Asmodée savait bien où s’était rendu Heylel et il désapprouvait ce voyage au plus haut point. Mais en bon diable, il voyait aussi le côté avantageux des choses. L’absence du chef suprême lui permettait d’intriguer à loisir, de grappiller des miettes de pouvoir à droite et à gauche, de jouer au patron, mêmes si les autres « grands » tels Belzébuth, n’avaient aucunement l’intention de le laisser faire. Mais cette fois ci, il avait un léger avantage pensait-il, aucun à part lui, ne savait encore que Heylel avait pris la clef des champs … ou plutôt du jardin d’Eden. Il décida aussitôt de prendre un peu d’avance et envoya un petit groupe de démons d’élite fomenter une guerre sur terre. Cela ne semblait pas trop difficile : il y avait déjà de nombreux « points chauds » sur la planète et en chatouillant un peu l’ego de l’un, en titillant la volonté de puissance d’un autre, on devrait arriver assez rapidement à un joli conflit mondial. Et une guerre c’était autrement rentable pour l’enfer que d’attendre que les méchants arrivent au compte-gouttes. Il fallait absolument qu’il réussisse ce projet, ce qui ne manquerait pas de conforter sa position … Asmodée rêvait … il aurait tant aimé être calife à la place du calife.

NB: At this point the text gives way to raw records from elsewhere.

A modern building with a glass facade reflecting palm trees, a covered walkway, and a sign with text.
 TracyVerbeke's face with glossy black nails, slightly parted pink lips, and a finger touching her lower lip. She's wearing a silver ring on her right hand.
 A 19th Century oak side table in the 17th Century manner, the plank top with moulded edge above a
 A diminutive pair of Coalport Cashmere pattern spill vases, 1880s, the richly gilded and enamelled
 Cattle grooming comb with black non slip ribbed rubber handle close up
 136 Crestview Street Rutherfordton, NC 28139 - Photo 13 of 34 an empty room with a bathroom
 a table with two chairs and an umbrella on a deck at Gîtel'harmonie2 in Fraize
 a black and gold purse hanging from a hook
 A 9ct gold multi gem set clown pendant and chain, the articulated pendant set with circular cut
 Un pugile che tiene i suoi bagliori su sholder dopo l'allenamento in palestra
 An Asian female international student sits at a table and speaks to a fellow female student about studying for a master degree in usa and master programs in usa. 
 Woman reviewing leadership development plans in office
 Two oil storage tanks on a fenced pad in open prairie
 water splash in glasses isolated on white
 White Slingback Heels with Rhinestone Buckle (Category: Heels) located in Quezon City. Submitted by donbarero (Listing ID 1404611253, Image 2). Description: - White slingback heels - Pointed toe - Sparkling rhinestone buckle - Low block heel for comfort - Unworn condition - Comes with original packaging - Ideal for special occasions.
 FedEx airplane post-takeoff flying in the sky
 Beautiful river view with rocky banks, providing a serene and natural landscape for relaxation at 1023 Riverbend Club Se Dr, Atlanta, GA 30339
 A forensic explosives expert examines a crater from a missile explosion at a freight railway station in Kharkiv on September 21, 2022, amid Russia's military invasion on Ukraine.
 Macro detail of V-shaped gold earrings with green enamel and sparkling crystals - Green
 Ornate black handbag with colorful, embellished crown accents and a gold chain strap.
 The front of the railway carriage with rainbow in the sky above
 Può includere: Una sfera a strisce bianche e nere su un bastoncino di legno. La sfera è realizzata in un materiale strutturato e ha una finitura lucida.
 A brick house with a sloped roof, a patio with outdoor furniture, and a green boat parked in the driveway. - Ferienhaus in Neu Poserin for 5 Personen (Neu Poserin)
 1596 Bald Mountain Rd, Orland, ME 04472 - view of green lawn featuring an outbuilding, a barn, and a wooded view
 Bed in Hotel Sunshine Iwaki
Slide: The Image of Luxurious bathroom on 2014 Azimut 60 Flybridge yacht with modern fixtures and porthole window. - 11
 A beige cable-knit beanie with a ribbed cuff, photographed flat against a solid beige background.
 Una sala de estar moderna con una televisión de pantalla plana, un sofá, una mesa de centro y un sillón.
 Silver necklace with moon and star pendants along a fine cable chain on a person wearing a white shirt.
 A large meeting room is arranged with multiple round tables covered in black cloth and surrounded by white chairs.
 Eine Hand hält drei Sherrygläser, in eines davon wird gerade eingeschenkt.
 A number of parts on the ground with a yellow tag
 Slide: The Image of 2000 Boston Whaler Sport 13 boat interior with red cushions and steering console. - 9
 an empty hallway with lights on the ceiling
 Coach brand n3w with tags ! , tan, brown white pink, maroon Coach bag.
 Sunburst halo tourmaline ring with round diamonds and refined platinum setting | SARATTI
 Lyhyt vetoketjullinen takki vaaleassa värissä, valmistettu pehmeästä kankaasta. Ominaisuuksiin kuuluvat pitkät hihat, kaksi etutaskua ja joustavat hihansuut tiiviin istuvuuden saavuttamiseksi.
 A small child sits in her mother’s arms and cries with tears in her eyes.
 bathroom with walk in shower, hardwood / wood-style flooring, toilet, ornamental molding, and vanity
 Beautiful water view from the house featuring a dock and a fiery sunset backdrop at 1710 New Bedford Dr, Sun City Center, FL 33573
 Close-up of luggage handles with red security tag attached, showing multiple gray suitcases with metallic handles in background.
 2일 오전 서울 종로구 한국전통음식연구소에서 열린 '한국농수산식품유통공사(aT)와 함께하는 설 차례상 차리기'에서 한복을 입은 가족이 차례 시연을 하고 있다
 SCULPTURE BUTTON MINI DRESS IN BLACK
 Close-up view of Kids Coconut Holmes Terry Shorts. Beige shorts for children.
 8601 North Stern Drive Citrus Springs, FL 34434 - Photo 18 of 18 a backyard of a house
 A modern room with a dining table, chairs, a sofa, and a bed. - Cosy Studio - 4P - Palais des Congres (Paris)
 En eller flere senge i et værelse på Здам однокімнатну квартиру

Ce qu’Asmodée ignorait, c’est qu’en partant, Heylel avait intimé à Lilith l’ordre de distiller la nouvelle de son départ à dose homéopathique, mais en veillant à ce que tous les barons infernaux soient au courant. Trop heureuse d’être distinguée pour cette mission diplomatique, Lilith s’en était acquittée avec brio. Tout comme Asmodée, Belzébuth avait décidé de provoquer une arrivée massive de damnés en enfer et une catastrophe naturelle lui semblait un bon moyen d’y arriver. Il envoya quelques escouades de choc dans tous les endroits de la terre où l’équilibre naturel était déjà gravement compromis. Ce serait vraiment un miracle si ses envoyés ne parvenaient pas à réveiller toutes les cupidités et stupidités des dirigeants concernés. Et pour faire bonne mesure, il décida de faire activer par ses troupes les volcans dormant sous les glaces des pôles. Dans quelques semaines à peine, la plupart des terres habitées seraient immergées et alors … à l’instar d’Asmodée, Belzébuth ne cachait pas qu’il se verrait bien à la tête d’un enfer surpeuplé, à la place de Heylel … Et il n’était pas le seul. Les ténèbres bruissaient d’intrigues, de méchanceté et d’idées farfelues.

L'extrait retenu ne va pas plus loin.